各球団のスカウトはいま、盛んに来年のドラフト候補の視察を行っている。

 現在の高校生投手では158キロ右腕・石垣 元気投手(健大高崎)が一番手の扱いだが、続く評価を受けている左腕が、愛知の公立進学校にいる。

高蔵寺芹澤 大地投手だ。

182センチ68キロと細身ながら最速147キロを計測する本格派左腕である。芹澤がドラフト候補として大きく注目されたのはこの夏の愛知大会。140キロ台の直球を投げ込み、評価を上げた。そのスケールの大きさ、力量は横浜の146キロ左腕・奥村 頼人投手、夏の甲子園に優勝に貢献した京都国際の左腕・西村 一毅投手とひけをとらないという声もある。

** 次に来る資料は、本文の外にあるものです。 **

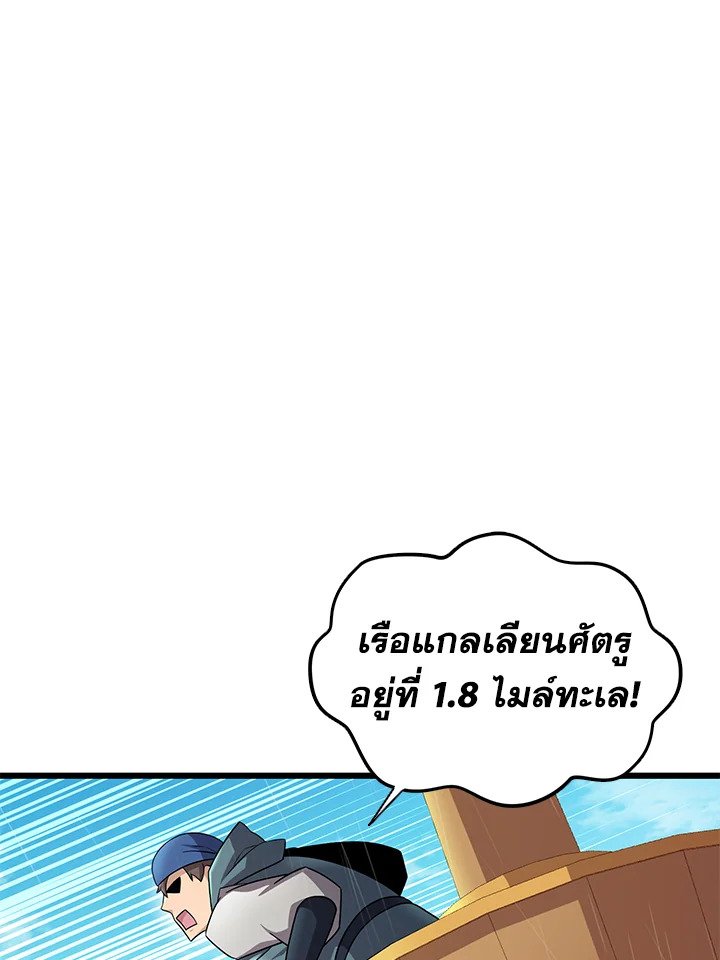 Arcane Sniper ตอนที่ 143 64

 芹澤は11月23日に開催された第2回三重県・愛知県ピックアップチーム交流試合の愛知県選抜に選出され登板。2回を投げ、3失点、5奪三振という結果だった。課題は多くあるが、やはり世代を代表する能力を持った投手であることは間違いない。

 芹澤の強み、課題はなにか。

不調ながら直球だけで2回5奪三振!

 交流試合が行われた三重県・津球場公園内野球場。当日のコンディションは投手にとっては苦しいものだった。気温は11度ぐらいだが、北風がかなり吹いていたため、体感温度は10度以下。芹澤は第1試合の先発でマウンドに登った。ネット裏には多くのスカウトがおり、スピードガンを構えていた。

 初回の最速は142キロ。コントロールは乱れていたが、アウトはすべて直球で三振を奪っていた。2回になっても制球は安定しない。先頭打者に四球を与えてしまい、二死一、二塁から大浦 天眞投手(松坂商)に適時打を打たれ、さらに死球を与えて満塁になってしまい、水谷 宗太捕手(海星)にも甘く入ったスライダーを打たれて左前適時打。コントロールを乱して、走者をためて失点するという良くない点の取られ方だった。

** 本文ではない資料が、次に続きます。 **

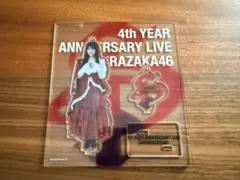 2026年最新】井上梨名 アクリルスタンドの人気アイテム - メルカリ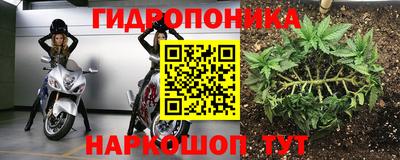 прущий лед Бугуруслан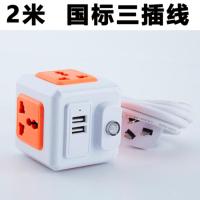 2米国标三脚插头 (2usb魔方) 魔方插座英标排插接线板多功能万用转换器带线迷你港ub拖板插排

 ただ、素晴らしかったのは直球の勢いだ。最速143キロ、平均球速136.3キロと左腕としては上級のスピード。球速表示以上に伸びがあるのか、三重県選抜の打者が空振りを繰り返すのだ。芹澤は「調子としては良かった時と比べると悪い方でした。それでも直球で空振りを奪えたことは自信になります」と振り返った。

 1年夏から公式戦のマウンドを経験し、当時の最速は130キロちょっとだった。球速アップのきっかけはフォームの意識を変えたことだ。

「上半身の体重移動の仕方、軸足の乗せ方の意識を変えたことですね。股関節に体重を溜めて投げるイメージですね。1年生から取り組んできて、2年春の試合からだんだんつかんできた感じです」

 伸びのあるストレートを投げられることについては、ボールの握りを意識している。

「回転数は高めたいと思っていて、指で強く弾くこと意識して投げています」

 伸びのある直球がある一方で、変化球の精度は低い。現状では120キロ台のスライダー、110キロ台のカーブのみ。鋭く曲がるわけではなく、ブレーキが効くわけではない。そのため真ん中に入った変化球を弾き返されていた。

 ストレートだけで圧倒できる精度があれば問題はない。ただストレートが走らなかったり、コントロールが定まらない場合、保険となる変化球は1〜2球種は必要だろう。芹澤自身も理解している。

「カーブは空振りが奪える精度までもっていきたいですし、スライダーはもう少し球速をあげてストレートに近い軌道にしたいです」

 変化球まで決め球になれば、さらに攻略困難な投手になるだろう。